Customer Analytics

What is it?

Customer Analytics is a way of getting insights about the customer behaviour based on data analysis. No two companies are the same and do not have the same customer, but data can show you the right way to boost your business.


Customer Data


Competitive Advantage

Analytics Tools


The 5 Pillars
Of Customer Analytics

1. Business Analysis

Customer analytics is not just applying statistical methods within data analysis. It is a continuous process. It starts with business analysis that explores, defines the problem and suggests the approach to solve it.

2. Data

The basis of any analysis are data. Yet the data source may vary - we know transaction data, data from core systems, transcriptions from speech to text, big data and others. Data help you reveal the patterns and connection, understand your customers’ behaviour and set more accurate marketing strategies.

3. Data Science

Data Science is a field that links data analysis and business insight with the purpose of correct understanding and analysis of any business problem, e.g. increased customer churm.

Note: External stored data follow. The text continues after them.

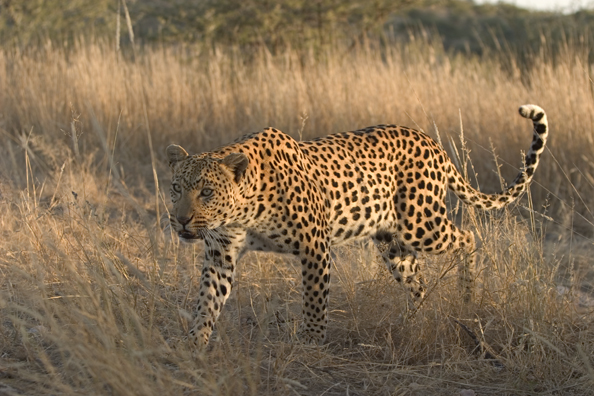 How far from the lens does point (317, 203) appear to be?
4465mm

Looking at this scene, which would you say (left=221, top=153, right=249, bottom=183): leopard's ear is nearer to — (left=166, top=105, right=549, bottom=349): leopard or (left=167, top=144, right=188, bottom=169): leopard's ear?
(left=166, top=105, right=549, bottom=349): leopard

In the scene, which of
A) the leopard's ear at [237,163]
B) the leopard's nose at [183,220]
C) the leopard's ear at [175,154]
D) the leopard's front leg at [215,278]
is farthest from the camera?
the leopard's front leg at [215,278]

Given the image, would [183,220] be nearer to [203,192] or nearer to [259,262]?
[203,192]

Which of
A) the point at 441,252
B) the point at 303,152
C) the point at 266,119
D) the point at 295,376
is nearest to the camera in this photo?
the point at 295,376

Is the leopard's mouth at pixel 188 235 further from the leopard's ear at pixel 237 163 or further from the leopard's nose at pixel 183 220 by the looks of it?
the leopard's ear at pixel 237 163

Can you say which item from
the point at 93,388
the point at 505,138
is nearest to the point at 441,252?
the point at 93,388

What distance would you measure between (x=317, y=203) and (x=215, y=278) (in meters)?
0.71

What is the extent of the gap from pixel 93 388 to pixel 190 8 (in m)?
11.5

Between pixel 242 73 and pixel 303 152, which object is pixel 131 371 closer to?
pixel 303 152

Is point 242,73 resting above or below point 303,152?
below

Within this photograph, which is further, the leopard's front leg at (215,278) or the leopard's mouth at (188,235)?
the leopard's front leg at (215,278)

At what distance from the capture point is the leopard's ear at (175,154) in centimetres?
419

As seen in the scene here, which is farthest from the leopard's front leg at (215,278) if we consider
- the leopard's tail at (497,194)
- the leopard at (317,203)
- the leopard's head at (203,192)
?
the leopard's tail at (497,194)

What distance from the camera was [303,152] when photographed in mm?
4730
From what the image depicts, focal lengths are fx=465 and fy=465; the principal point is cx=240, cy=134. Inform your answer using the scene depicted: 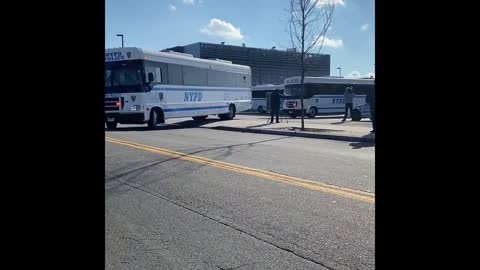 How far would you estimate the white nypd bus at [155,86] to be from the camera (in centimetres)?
2017

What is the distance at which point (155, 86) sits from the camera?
2070cm

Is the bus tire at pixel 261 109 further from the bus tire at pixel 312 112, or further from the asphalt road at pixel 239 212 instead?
the asphalt road at pixel 239 212

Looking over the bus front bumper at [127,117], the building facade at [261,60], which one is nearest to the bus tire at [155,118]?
the bus front bumper at [127,117]

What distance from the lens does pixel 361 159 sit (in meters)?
10.6

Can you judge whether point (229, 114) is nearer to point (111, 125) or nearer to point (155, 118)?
point (155, 118)

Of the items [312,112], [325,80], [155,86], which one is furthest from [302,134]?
[325,80]

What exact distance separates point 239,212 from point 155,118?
630 inches

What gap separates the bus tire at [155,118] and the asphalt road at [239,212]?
33.1 feet

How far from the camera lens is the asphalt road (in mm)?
4121

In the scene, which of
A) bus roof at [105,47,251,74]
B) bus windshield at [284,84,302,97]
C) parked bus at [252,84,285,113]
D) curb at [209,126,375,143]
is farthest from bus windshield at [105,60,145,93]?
parked bus at [252,84,285,113] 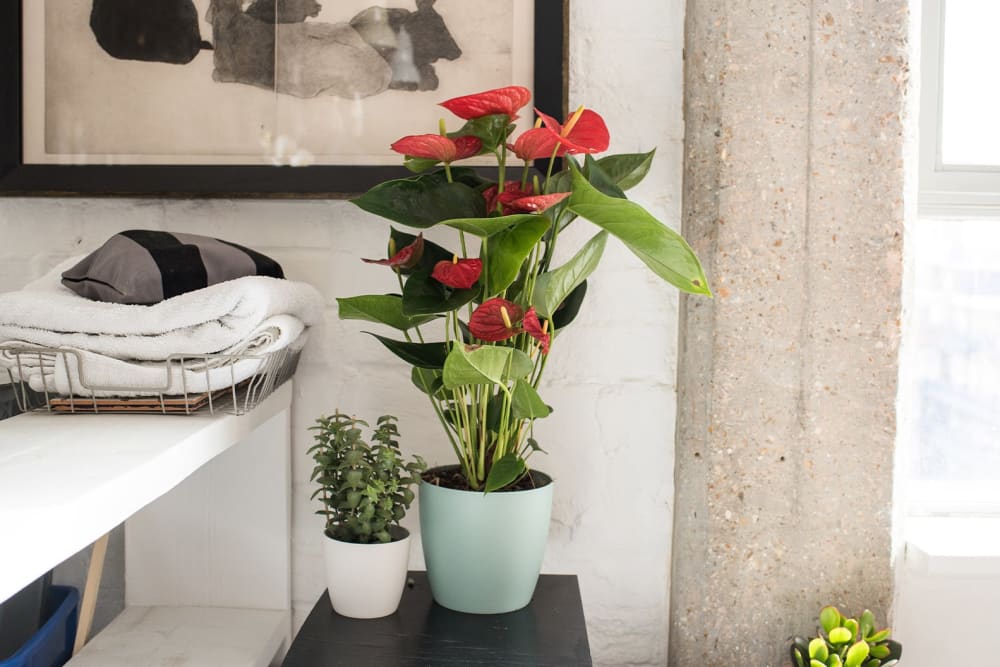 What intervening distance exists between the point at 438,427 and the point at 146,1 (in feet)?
2.17

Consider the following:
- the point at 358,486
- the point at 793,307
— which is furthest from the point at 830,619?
the point at 358,486

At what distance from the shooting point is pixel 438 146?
709 millimetres

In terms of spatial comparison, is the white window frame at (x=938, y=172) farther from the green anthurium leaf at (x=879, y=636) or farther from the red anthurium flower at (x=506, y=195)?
the red anthurium flower at (x=506, y=195)

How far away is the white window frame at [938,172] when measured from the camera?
1126 millimetres

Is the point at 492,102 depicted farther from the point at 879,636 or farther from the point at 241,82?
the point at 879,636

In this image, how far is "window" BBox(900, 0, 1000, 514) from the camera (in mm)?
1129

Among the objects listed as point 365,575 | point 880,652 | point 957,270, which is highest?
point 957,270

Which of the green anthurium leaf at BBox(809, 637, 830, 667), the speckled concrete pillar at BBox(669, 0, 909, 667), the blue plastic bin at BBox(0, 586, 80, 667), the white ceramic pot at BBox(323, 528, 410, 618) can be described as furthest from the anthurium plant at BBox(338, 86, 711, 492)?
the blue plastic bin at BBox(0, 586, 80, 667)

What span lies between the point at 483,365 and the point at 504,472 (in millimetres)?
→ 146

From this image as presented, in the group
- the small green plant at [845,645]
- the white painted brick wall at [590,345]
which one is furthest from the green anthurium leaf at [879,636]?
the white painted brick wall at [590,345]

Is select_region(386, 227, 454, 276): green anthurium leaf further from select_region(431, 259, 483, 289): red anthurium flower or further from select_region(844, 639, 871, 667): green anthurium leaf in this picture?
select_region(844, 639, 871, 667): green anthurium leaf

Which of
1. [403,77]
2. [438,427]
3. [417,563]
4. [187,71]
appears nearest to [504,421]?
[438,427]

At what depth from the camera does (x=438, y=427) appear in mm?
1008

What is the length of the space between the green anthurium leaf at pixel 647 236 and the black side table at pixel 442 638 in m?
0.38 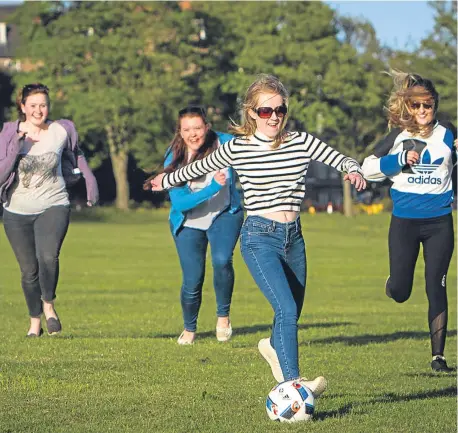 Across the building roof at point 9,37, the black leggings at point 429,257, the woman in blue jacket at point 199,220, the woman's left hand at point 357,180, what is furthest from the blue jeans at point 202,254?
the building roof at point 9,37

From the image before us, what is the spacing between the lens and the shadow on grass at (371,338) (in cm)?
1326

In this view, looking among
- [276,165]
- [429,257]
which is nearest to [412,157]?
[429,257]

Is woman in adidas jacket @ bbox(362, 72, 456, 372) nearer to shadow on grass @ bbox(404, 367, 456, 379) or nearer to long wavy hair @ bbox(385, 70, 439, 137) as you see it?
long wavy hair @ bbox(385, 70, 439, 137)

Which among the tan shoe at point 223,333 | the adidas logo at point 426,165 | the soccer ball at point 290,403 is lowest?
the tan shoe at point 223,333

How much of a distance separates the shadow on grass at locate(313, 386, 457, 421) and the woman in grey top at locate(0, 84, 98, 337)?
Result: 14.5 feet

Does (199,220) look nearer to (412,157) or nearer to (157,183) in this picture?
(157,183)

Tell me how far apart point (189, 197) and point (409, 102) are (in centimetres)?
235

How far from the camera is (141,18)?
244 ft

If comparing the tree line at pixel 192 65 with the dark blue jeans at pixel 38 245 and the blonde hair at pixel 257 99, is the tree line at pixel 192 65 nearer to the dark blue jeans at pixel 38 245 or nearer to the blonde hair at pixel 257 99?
the dark blue jeans at pixel 38 245

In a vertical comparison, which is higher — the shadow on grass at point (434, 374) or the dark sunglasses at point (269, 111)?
the dark sunglasses at point (269, 111)

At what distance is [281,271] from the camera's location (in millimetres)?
8500

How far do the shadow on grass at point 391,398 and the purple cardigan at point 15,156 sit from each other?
4.37 metres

The process of in-depth analysis is called Data Mining. The main approach of Data Science for structured and unstructured data are visualization, statistical and text analysis, machine or deep learning.

4. Data Visualization

The graphical data view and the interactivity - visualization - are essential to make a quick decision. For example, if a store manager wants to know how many customers come into store at what time, “heat map“ (type of visualization) gives him more clear information than pivot table.

5. Action

Any obtained analytical insight is useless if it’s not applied in practice. Customer Analytics outcomes provide among others the base of target group definition for marketing automation, e.g. the use of insight to create a loyalty program or a personalized offer.